Funny seeing that comment on this post in particular, tho. When OP says “I’m not sure it’s a world I want”, I really don’t think they’re thinking about corporate revenue opportunities… More like Rehoboam, if not Skynet.

  • > most people understand “AI” and “chatbot” to be synonyms

    This might be true (or not), but for sure not on this site.

    • I mean...

        LLMs have not yet discovered a business model that justifies the massive expenditure of training and hosting them,
      

      The only way one could say such a thing is if they think chatbots are the only real application.

Making money and operating at a loss contradict each other. Maybe someday they’ll make money —but not just yet. As many have said they’re hoping capturing market will position them nicely once things settle. Obviously we’re not there yet.

  • It is absolutely possible for the unit economics of a product to be profitable and for the parent company to be losing money. In fact, it's extremely common when the company is bullish on their own future and thus they invest heavily in marketing and R&D to continue their growth. This is what I understood GP to mean.

    Whether it's true for any of the mainstream LLM companies or not is anyone's guess, since their financials are either private or don't separate out LLM inference as a line item.

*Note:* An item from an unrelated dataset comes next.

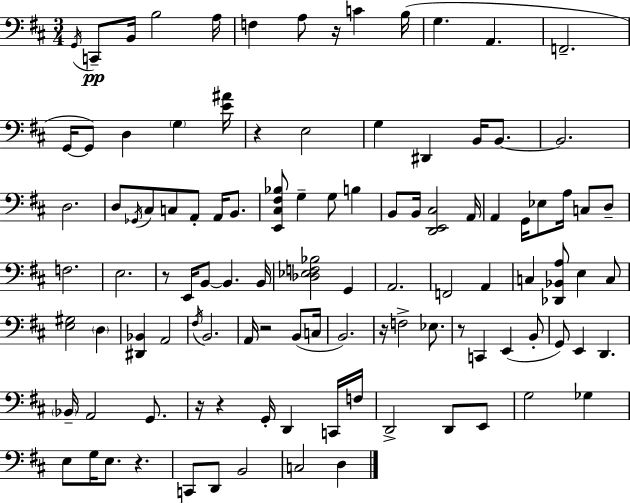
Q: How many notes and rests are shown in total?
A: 107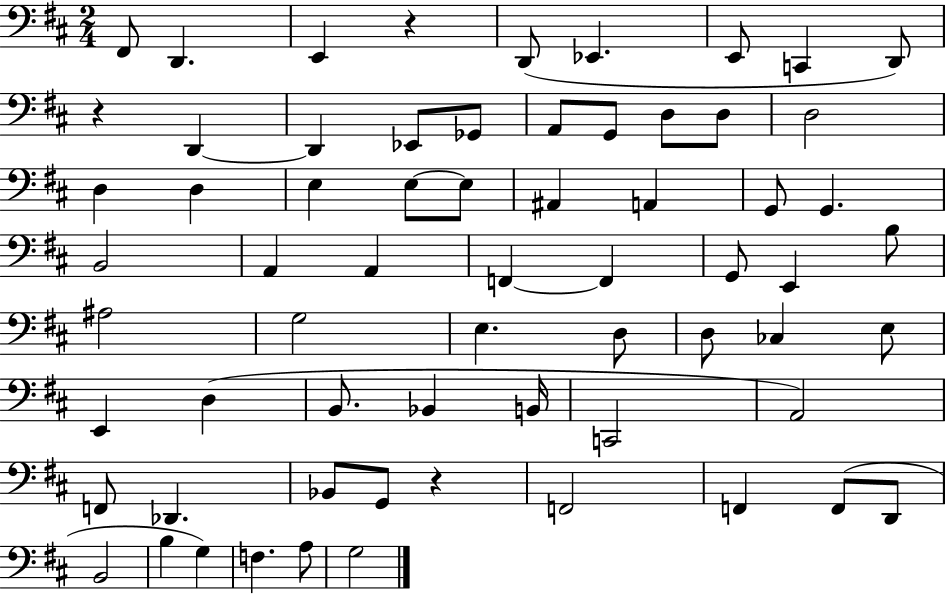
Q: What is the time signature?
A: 2/4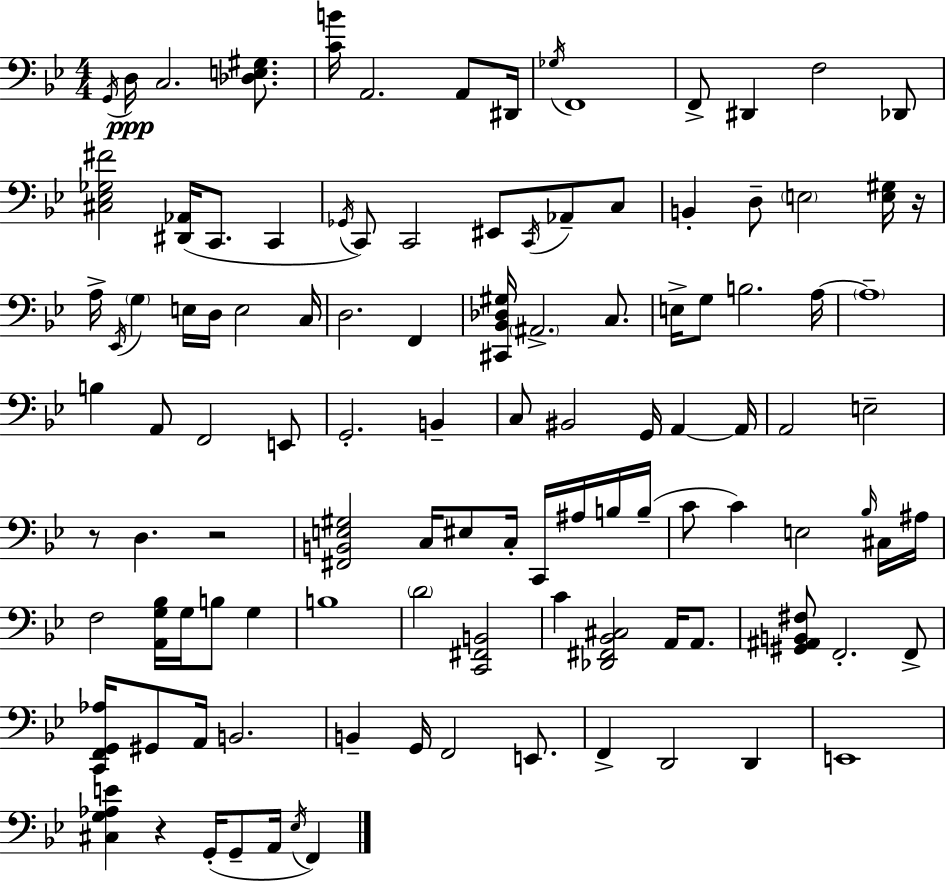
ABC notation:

No, because if they stop to focus on optimizing and minimizing operating costs, the next competitor over will leapfrog them with a better model in 6-12 months, making all those margin improvements an NPV negative endeavor.

One thing we're seeing in the software engineering agent space right now is how many people are angry with Cursor [1], and now Claude Code [2] (just picked a couple examples; you can browse around these subreddits and see tons of complaints).

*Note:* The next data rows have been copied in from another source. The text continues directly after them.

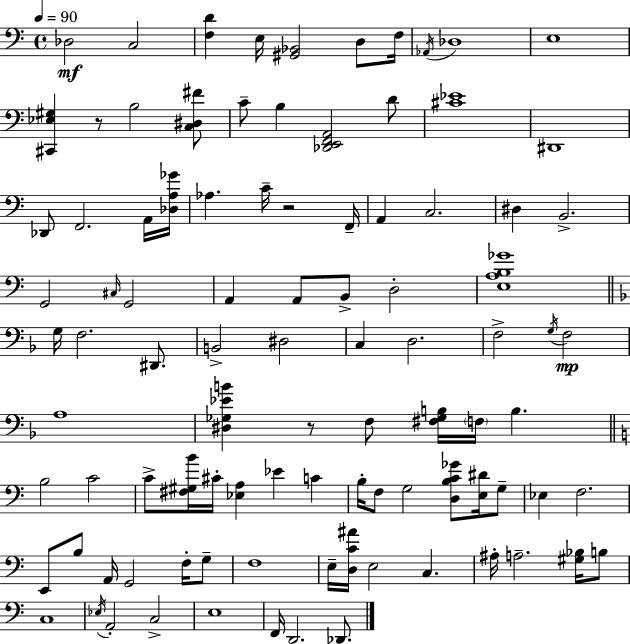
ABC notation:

X:1
T:Untitled
M:4/4
L:1/4
K:C
_D,2 C,2 [F,D] E,/4 [^G,,_B,,]2 D,/2 F,/4 _A,,/4 _D,4 E,4 [^C,,_E,^G,] z/2 B,2 [C,^D,^F]/2 C/2 B, [_D,,E,,F,,A,,]2 D/2 [^C_E]4 ^D,,4 _D,,/2 F,,2 A,,/4 [_D,A,_G]/4 _A, C/4 z2 F,,/4 A,, C,2 ^D, B,,2 G,,2 ^C,/4 G,,2 A,, A,,/2 B,,/2 D,2 [E,A,B,_G]4 G,/4 F,2 ^D,,/2 B,,2 ^D,2 C, D,2 F,2 G,/4 F,2 A,4 [^D,_G,_EB] z/2 F,/2 [^F,_G,B,]/4 F,/4 B, B,2 C2 C/2 [^F,^G,B]/4 ^C/4 [_E,A,] _E C B,/4 F,/2 G,2 [D,B,C_G]/2 [E,^D]/4 G,/2 _E, F,2 E,,/2 B,/2 A,,/4 G,,2 F,/4 G,/2 F,4 E,/4 [D,C^A]/4 E,2 C, ^A,/4 A,2 [^G,_B,]/4 B,/2 C,4 _E,/4 A,,2 C,2 E,4 F,,/4 D,,2 _D,,/2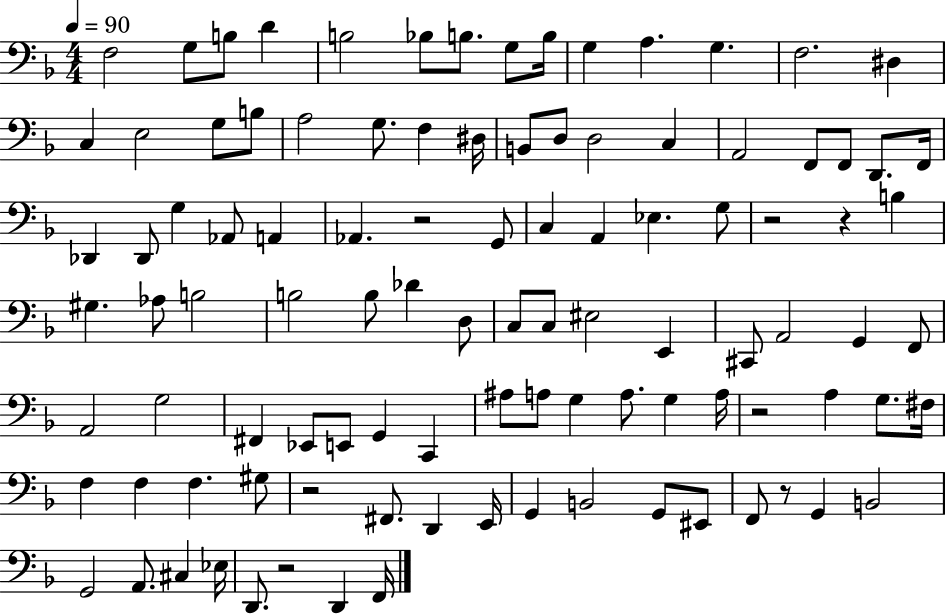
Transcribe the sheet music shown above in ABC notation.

X:1
T:Untitled
M:4/4
L:1/4
K:F
F,2 G,/2 B,/2 D B,2 _B,/2 B,/2 G,/2 B,/4 G, A, G, F,2 ^D, C, E,2 G,/2 B,/2 A,2 G,/2 F, ^D,/4 B,,/2 D,/2 D,2 C, A,,2 F,,/2 F,,/2 D,,/2 F,,/4 _D,, _D,,/2 G, _A,,/2 A,, _A,, z2 G,,/2 C, A,, _E, G,/2 z2 z B, ^G, _A,/2 B,2 B,2 B,/2 _D D,/2 C,/2 C,/2 ^E,2 E,, ^C,,/2 A,,2 G,, F,,/2 A,,2 G,2 ^F,, _E,,/2 E,,/2 G,, C,, ^A,/2 A,/2 G, A,/2 G, A,/4 z2 A, G,/2 ^F,/4 F, F, F, ^G,/2 z2 ^F,,/2 D,, E,,/4 G,, B,,2 G,,/2 ^E,,/2 F,,/2 z/2 G,, B,,2 G,,2 A,,/2 ^C, _E,/4 D,,/2 z2 D,, F,,/4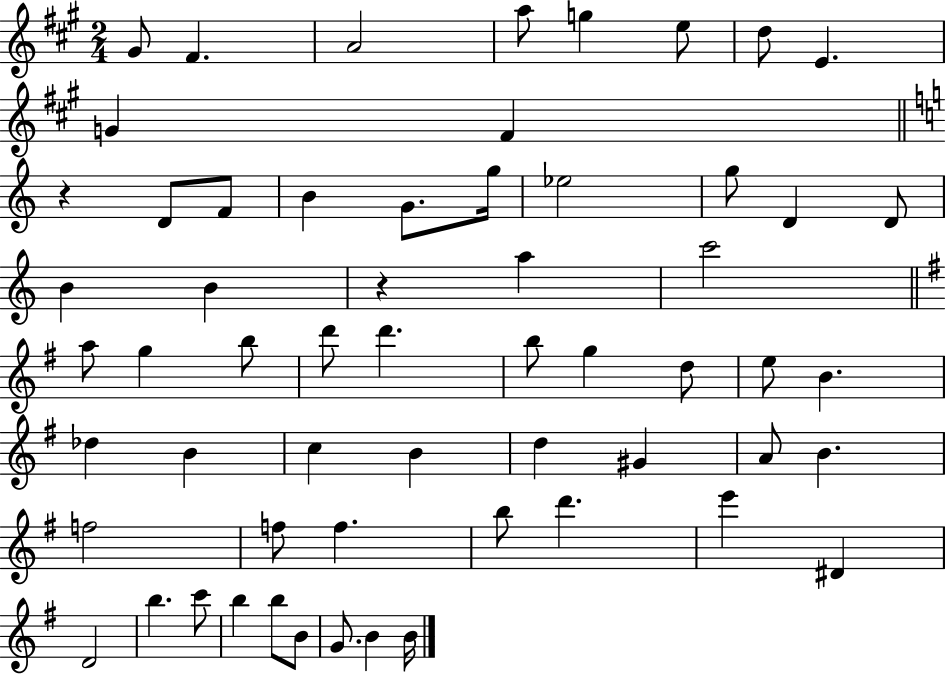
G#4/e F#4/q. A4/h A5/e G5/q E5/e D5/e E4/q. G4/q F#4/q R/q D4/e F4/e B4/q G4/e. G5/s Eb5/h G5/e D4/q D4/e B4/q B4/q R/q A5/q C6/h A5/e G5/q B5/e D6/e D6/q. B5/e G5/q D5/e E5/e B4/q. Db5/q B4/q C5/q B4/q D5/q G#4/q A4/e B4/q. F5/h F5/e F5/q. B5/e D6/q. E6/q D#4/q D4/h B5/q. C6/e B5/q B5/e B4/e G4/e. B4/q B4/s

What's happening here is pretty clear to me: Its a form of enshittification. These companies are struggling to find a price point that supports both broad market adoption ($20? $30?) and the intelligence/scale to deliver good results ($200? $300?). So, they're nerfing cheap plans, prioritizing expensive ones, and pissing off customers in the process. Cursor even had to apologize for it [3].

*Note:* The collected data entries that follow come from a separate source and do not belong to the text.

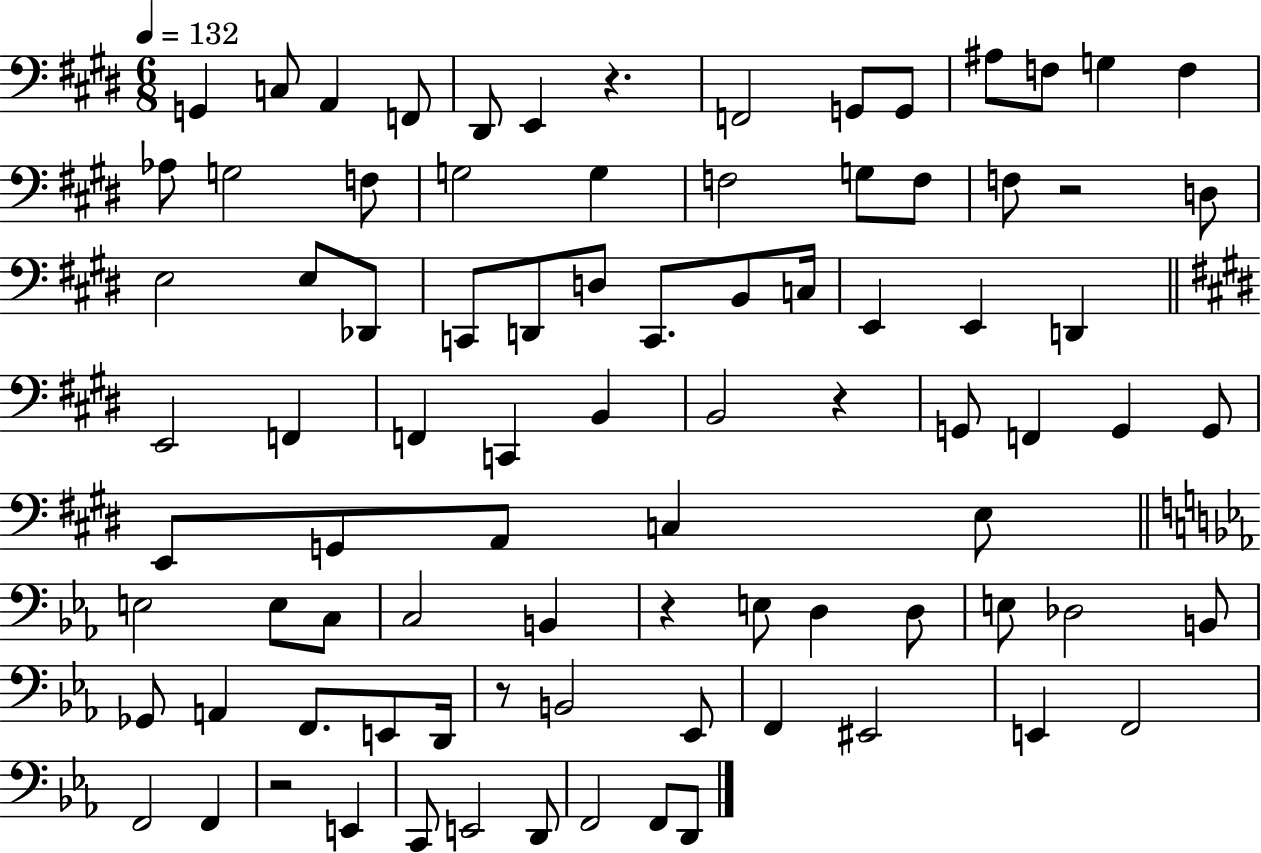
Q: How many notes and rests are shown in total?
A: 87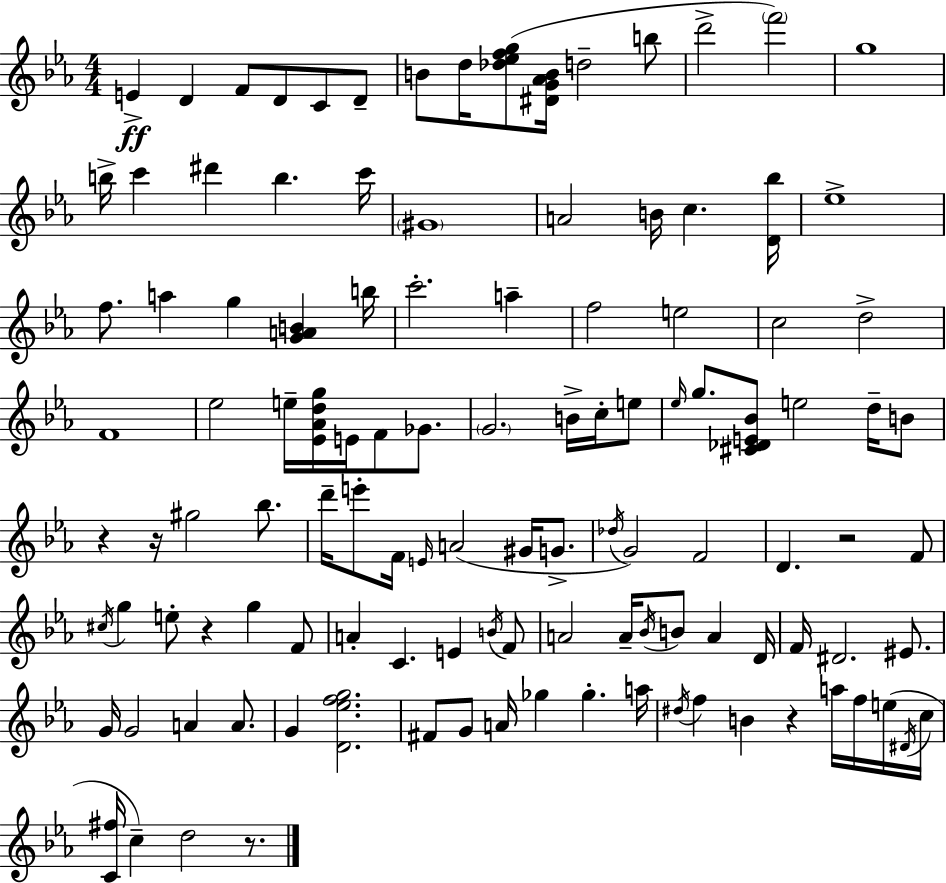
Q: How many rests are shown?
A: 6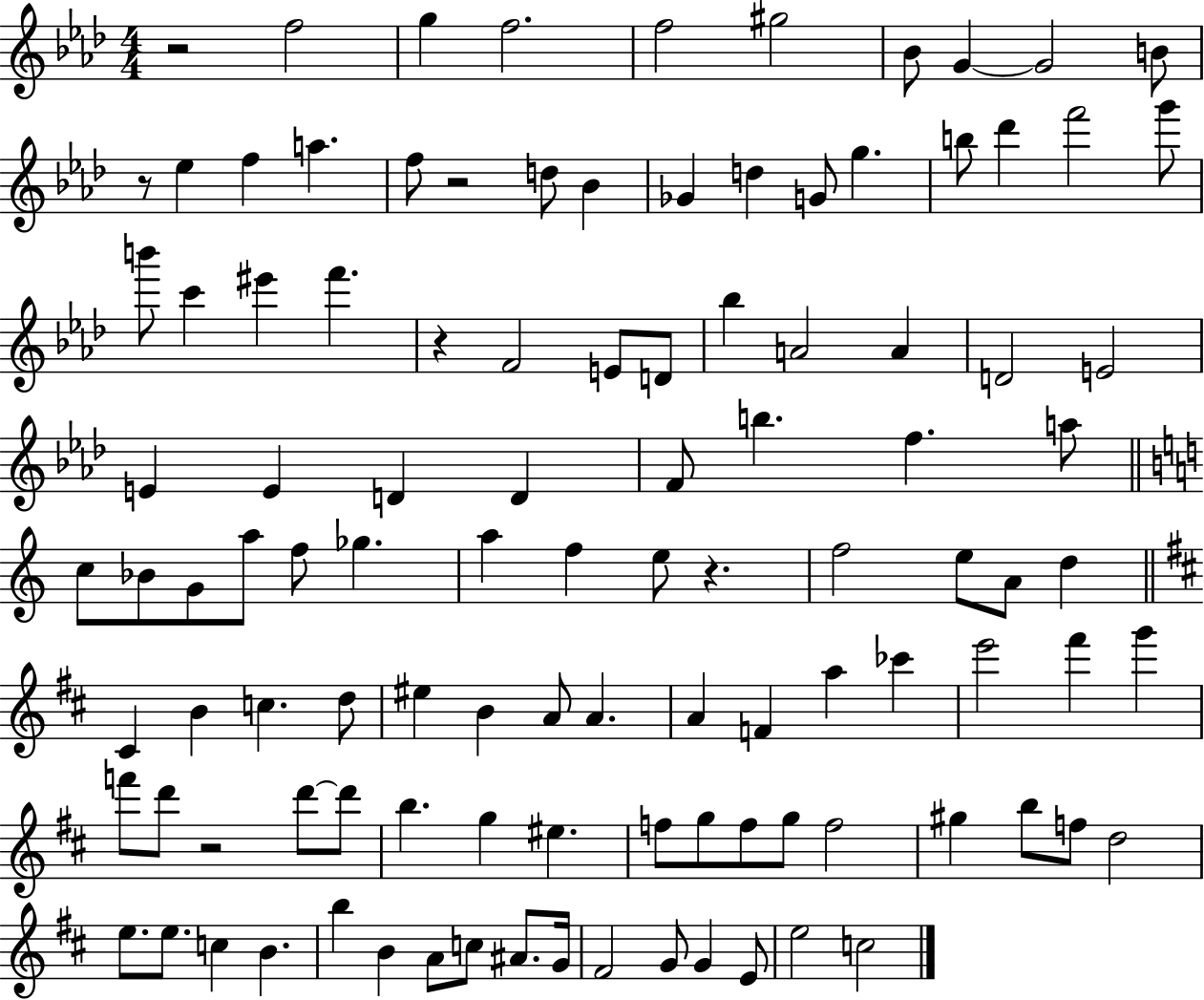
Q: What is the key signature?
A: AES major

There's a broad sense in the LLM industry right now that if we can't get to "it" (AGI, etc) by the end of this decade, it won't happen during this "AI Summer". The reason for that is two-fold: Intelligence scaling is logarithmic w.r.t compute. We simply cannot scale compute quick enough. And, interest in funding to pay for that exponential compute need will dry up, and previous super-cycles tell us that will happen on the order of ~5 years.

So here's my thesis: We have a deadline that even evangelists agree is a deadline. I would argue that we're further along in this supercycle than many people realize, because these companies have already reached the early enshitification phase for some niche use-cases (software development). We're also seeing Grok 4 Heavy release with a 50% price increase ($300/mo) yet offer single-digit percent improvement in capability. This is hallmark enshitification.

Enshitification is the final, terminal phase of hyperscale technology companies. Companies remain in that phase potentially forever, but its not a phase where significant research, innovation, and optimization can happen; instead, it is a phase of extraction. AI hyperscalers genuinely speedran this cycle thanks to their incredible funding and costs; but they're now showcasing very early signals of enshitifications.

(Google might actually escape this enshitification supercycle, to be clear, and that's why I'm so bullish on them and them alone. Their deep, multi-decade investment into TPUs, Cloud Infra, and high margin product deployments of AI might help them escape it).